Kiss’ drummer Eric Singer plays with you in Soul Station. Why did you think he’d be a good fit for this project?
I never thought of anybody else because I know how great a drummer Eric is. His musical vocabulary is so vast. He is a schooled musician who really understands not only the math of drumming, but the feel. It’s always funny how people get labeled — as a hard-rock drummer or whatever. A hard-rock drummer in this band would have been a disaster. But Eric’s roots, he’s played in big bands with his dad and he’s so much more than just a rock drummer.
Did your love of soul music ever work its way into Kiss’ music back in the day?
When you create music, you’re using a recipe. You may be winging it, but the music is based on all its ingredients. Those ingredients may not be in equal proportions and some may be surprising, but that’s what helps with the uniqueness. When we wrote “Shout It Out Loud,” we were very clear: [Sings] “Well, the night’s begun and you want some fun/Do you think you’re gonna find it — think you’re gonna find it!” It’s the Four Tops.
The call and response, you mean?
Absolutely. We knew it as we were doing it: “Oh, cool. This is Four Tops.” There’s a song on the Unmasked album called “What Makes the World Go Round.” It’s basically a Spinners song, but done in a different way.
Kiss played its first concert in a year — under strict Covid guidelines — on New Year’s Eve in Dubai. What did that teach you about performing live for fans in a pandemic?
That was a unique situation where the protocols and all the safety conditions were all met and adhered to very, very vigilantly.
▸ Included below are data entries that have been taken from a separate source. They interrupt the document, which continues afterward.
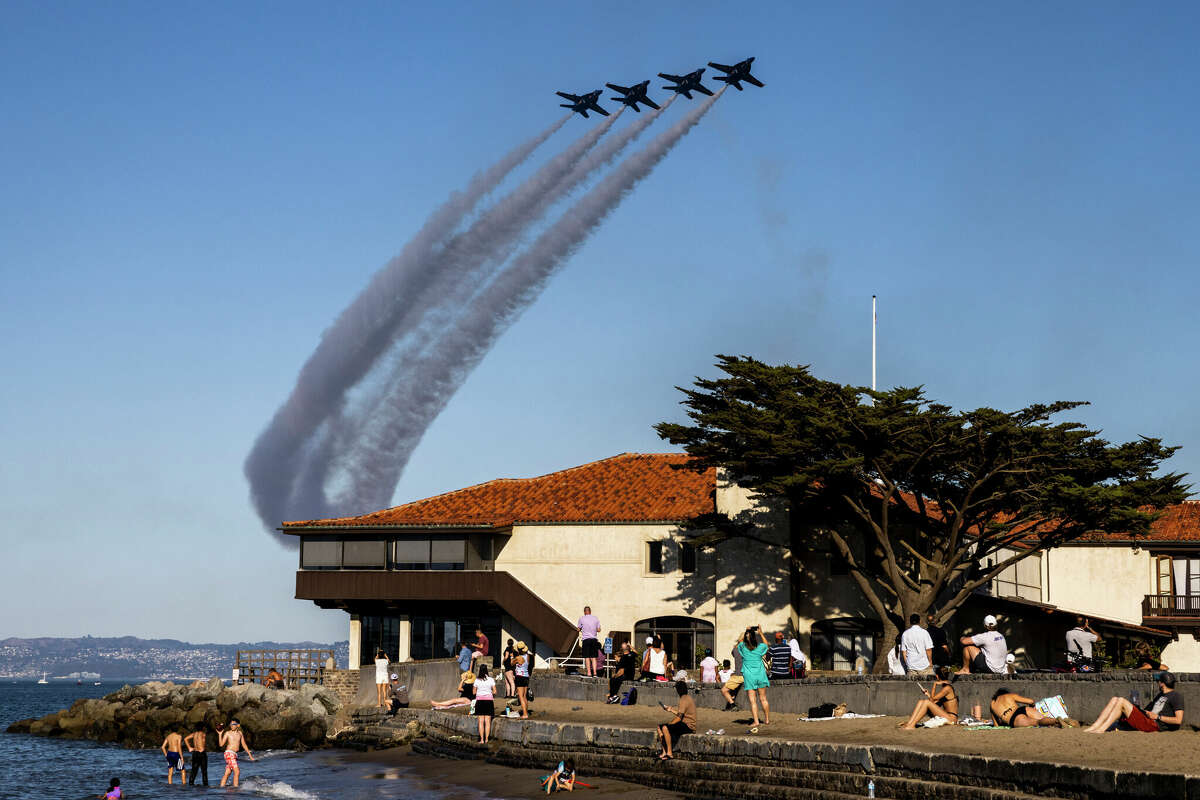 SF Fleet Week photos Blue Angels’ daring display of military might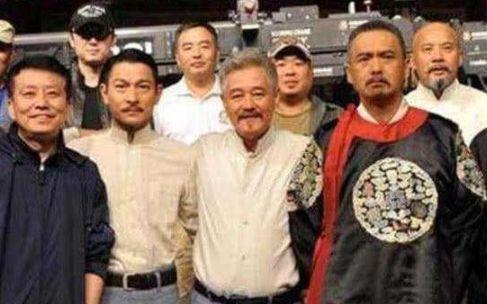 赵本山实力到底有多强,看下面照片就明白,东北扛把子不是白叫!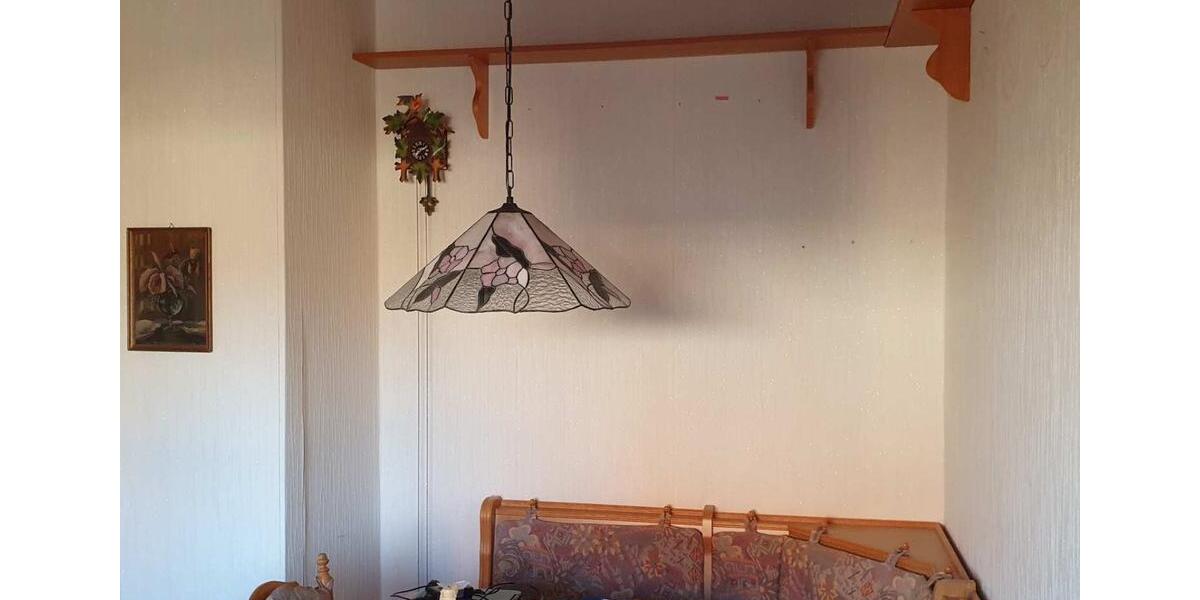 Teilmöbliertes Haus (DHH) mit Garten und Garage zur Miete 5 zimmer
That’s not practical or possible elsewhere. That was a stage that was built there. That wasn’t a traveling stage. It took 500 people to put it together. And everybody was literally daily Covid-tested. So it was a hoot and a lot of fun and got us the chance to flex our muscles and really reinforce and reinstate what this band is.
That being said, the prospects of going out to play in the foreseeable future are dim at best. And that’s not just for us. That’s for any band. The health concerns, the lack of promoters being able to get insurance. Who’s going to give insurance to a promoter to get, you know, 10, 20, 100,000 people shoulder to shoulder? And enough cities, states or countries are not going to allow that anyway. So we seem to be traveling towards the light in the tunnel, but we’ve got a long way to go yet. I’m hopeful that on a smaller scale it’ll be possible for Soul Station to go out. You have to see this band live to really get it.
Do you and Gene see Kiss’s End of the Road tour resuming?
Totally. We were 120 shows into it and having a ball [when the pandemic began]. I mean, most of the time when you lose somebody or the situation changes, you find yourself saying, “Gee, if I had only known,” whereas here, you have a situation where we’ve come to the conclusion that we can’t continue [as a touring band]. It’s not feasible. If we were wearing jeans and T-shirts, we could do this into our eighties or nineties, but we’re carrying around 40 and 50 pounds of gear for a couple of hours. There’s an age factor, which makes it more real for people who may have doubted the idea of the “end of the road.”
But that in mind, it gives us a night with people where we really get to share what we built together. … So the End of the Road, I don’t see it as bittersweet. I see it as sweet. And will there be tears? Sure. But oh, my God, look what we’ve been given. And from what the fans say, look what we gave them. It’s unlike other bands.